DATASET

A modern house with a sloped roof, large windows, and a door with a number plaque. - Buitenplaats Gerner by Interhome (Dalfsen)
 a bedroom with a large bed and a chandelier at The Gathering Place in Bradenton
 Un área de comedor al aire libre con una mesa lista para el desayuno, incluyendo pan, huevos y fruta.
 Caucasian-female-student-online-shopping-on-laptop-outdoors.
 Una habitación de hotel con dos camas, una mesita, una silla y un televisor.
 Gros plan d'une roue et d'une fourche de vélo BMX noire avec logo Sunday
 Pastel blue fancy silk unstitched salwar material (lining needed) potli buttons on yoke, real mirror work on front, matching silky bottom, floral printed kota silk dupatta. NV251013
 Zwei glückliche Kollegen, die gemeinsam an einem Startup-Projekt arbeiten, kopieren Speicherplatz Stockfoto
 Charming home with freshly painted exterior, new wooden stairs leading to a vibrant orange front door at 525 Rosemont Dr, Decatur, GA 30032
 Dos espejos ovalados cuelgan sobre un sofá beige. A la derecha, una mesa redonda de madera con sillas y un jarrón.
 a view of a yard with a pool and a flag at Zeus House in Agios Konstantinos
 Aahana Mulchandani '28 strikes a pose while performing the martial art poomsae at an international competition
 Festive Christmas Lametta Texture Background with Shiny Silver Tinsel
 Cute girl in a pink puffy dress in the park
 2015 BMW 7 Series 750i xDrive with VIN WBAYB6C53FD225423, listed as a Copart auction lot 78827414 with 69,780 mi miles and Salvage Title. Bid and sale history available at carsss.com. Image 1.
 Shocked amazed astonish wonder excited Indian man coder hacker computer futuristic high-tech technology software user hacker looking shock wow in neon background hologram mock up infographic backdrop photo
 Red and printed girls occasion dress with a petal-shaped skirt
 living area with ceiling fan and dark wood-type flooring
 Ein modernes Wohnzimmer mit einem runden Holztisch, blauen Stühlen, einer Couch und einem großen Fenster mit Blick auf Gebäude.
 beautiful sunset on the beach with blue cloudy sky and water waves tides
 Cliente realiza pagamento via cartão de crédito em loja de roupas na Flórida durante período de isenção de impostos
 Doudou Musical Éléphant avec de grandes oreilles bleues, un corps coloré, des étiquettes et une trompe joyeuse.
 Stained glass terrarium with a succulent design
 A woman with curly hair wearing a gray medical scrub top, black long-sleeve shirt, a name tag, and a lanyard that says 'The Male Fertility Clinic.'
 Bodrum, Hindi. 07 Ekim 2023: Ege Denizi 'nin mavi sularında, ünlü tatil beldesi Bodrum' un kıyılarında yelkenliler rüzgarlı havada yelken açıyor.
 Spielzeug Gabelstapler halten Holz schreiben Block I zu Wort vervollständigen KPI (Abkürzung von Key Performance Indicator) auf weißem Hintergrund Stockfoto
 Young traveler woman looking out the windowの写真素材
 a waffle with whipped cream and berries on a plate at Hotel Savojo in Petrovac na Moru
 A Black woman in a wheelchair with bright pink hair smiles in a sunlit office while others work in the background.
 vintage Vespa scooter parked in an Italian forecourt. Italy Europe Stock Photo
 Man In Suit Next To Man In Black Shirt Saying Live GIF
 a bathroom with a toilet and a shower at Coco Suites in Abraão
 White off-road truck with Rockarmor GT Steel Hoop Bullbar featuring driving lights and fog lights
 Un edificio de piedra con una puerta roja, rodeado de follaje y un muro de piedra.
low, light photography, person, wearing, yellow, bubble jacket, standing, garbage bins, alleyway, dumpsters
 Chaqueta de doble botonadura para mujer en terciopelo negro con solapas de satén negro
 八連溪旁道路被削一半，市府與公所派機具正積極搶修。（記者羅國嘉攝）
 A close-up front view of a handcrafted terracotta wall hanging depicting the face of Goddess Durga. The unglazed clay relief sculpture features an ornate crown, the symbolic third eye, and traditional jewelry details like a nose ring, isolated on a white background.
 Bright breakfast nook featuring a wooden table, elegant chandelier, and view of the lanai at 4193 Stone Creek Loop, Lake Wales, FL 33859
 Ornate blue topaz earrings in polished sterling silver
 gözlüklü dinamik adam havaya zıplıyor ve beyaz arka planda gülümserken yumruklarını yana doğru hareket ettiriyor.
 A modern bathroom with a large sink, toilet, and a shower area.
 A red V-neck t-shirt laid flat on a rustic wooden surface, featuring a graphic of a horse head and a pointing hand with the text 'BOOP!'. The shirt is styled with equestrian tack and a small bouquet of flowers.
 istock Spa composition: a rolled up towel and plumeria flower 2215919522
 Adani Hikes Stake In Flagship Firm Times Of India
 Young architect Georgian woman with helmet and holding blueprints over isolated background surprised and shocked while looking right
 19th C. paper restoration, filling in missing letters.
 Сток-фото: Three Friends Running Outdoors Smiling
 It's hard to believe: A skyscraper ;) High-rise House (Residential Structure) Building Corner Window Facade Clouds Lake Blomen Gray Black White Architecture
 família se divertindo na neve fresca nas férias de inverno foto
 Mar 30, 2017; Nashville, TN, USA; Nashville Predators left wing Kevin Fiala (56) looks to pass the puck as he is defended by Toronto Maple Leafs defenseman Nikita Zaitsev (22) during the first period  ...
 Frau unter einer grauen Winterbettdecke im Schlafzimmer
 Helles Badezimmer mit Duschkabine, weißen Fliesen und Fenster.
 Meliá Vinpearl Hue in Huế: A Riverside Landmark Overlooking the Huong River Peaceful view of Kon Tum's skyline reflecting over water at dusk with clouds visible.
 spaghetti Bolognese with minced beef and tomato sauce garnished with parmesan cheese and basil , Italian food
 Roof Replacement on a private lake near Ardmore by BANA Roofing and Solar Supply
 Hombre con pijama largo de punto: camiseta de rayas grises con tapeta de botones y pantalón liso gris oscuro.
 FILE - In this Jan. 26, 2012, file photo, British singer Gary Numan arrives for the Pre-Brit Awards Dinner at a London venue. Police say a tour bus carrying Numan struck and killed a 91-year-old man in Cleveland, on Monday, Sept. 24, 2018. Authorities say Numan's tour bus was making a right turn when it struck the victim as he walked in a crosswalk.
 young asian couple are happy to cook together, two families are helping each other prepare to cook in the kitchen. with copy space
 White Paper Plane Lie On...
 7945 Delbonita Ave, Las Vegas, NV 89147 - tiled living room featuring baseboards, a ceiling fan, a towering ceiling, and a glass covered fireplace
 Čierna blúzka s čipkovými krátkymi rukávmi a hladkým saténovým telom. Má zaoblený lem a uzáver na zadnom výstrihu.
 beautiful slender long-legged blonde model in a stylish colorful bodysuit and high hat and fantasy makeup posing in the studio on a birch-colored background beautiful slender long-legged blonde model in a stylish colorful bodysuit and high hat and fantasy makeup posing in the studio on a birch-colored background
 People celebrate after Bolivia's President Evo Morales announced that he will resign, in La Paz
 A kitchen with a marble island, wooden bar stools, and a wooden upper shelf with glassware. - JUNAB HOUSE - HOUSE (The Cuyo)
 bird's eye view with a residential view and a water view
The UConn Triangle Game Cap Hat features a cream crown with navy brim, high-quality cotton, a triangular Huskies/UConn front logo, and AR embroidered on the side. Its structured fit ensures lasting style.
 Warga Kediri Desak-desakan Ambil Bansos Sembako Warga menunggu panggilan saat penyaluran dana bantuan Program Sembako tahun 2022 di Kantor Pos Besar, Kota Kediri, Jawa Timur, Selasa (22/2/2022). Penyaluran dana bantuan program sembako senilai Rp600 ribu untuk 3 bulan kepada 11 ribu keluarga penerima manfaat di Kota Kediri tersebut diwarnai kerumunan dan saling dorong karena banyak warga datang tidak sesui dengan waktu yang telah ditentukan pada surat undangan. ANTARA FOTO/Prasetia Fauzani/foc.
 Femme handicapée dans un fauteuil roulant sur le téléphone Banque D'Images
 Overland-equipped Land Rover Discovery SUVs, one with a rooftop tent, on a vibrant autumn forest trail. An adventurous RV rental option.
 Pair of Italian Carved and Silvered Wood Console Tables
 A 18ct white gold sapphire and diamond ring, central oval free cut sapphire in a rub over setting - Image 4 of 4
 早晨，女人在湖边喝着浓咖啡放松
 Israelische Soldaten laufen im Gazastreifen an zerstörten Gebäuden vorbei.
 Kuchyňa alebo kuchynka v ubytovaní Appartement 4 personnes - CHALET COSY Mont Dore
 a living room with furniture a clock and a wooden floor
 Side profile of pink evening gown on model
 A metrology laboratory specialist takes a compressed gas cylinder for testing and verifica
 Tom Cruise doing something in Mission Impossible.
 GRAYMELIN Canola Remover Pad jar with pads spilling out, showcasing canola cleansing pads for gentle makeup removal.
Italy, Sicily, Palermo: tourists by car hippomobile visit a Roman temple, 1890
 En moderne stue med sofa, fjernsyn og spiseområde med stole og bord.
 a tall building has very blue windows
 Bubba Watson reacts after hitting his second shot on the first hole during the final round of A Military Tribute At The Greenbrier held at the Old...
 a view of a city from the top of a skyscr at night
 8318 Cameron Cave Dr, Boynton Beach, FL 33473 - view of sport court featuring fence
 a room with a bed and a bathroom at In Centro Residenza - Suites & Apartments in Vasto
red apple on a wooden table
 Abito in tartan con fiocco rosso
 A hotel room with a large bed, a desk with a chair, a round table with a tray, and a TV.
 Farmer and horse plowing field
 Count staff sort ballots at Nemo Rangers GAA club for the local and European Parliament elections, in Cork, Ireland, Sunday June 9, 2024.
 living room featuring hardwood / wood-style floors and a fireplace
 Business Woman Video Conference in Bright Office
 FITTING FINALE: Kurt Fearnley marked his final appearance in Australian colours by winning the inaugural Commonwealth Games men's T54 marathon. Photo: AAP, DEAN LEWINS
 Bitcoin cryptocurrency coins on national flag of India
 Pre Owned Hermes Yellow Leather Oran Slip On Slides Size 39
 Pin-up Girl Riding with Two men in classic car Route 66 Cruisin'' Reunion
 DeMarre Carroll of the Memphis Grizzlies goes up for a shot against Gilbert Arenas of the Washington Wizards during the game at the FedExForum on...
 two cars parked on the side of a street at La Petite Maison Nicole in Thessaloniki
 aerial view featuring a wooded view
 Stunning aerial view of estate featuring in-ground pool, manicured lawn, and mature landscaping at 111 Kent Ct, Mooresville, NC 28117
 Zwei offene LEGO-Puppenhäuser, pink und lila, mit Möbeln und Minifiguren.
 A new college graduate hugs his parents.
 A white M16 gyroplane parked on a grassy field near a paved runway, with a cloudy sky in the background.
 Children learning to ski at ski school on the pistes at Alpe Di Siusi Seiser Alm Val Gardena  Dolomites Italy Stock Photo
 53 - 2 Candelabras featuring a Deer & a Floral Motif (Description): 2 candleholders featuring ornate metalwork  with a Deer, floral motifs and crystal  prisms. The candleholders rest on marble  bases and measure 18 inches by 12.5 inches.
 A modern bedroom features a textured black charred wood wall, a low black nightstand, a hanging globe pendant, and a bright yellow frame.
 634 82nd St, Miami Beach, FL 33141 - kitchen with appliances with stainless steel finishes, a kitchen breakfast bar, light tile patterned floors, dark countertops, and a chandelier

TASK ITEM
Look above for the line holding "A Black woman". Print it and every line after it, exactly, through the line holding "a bathroom with".

WRITTEN SOLUTION
 A Black woman in a wheelchair with bright pink hair smiles in a sunlit office while others work in the background.
 vintage Vespa scooter parked in an Italian forecourt. Italy Europe Stock Photo
 Man In Suit Next To Man In Black Shirt Saying Live GIF
 a bathroom with a toilet and a shower at Coco Suites in Abraão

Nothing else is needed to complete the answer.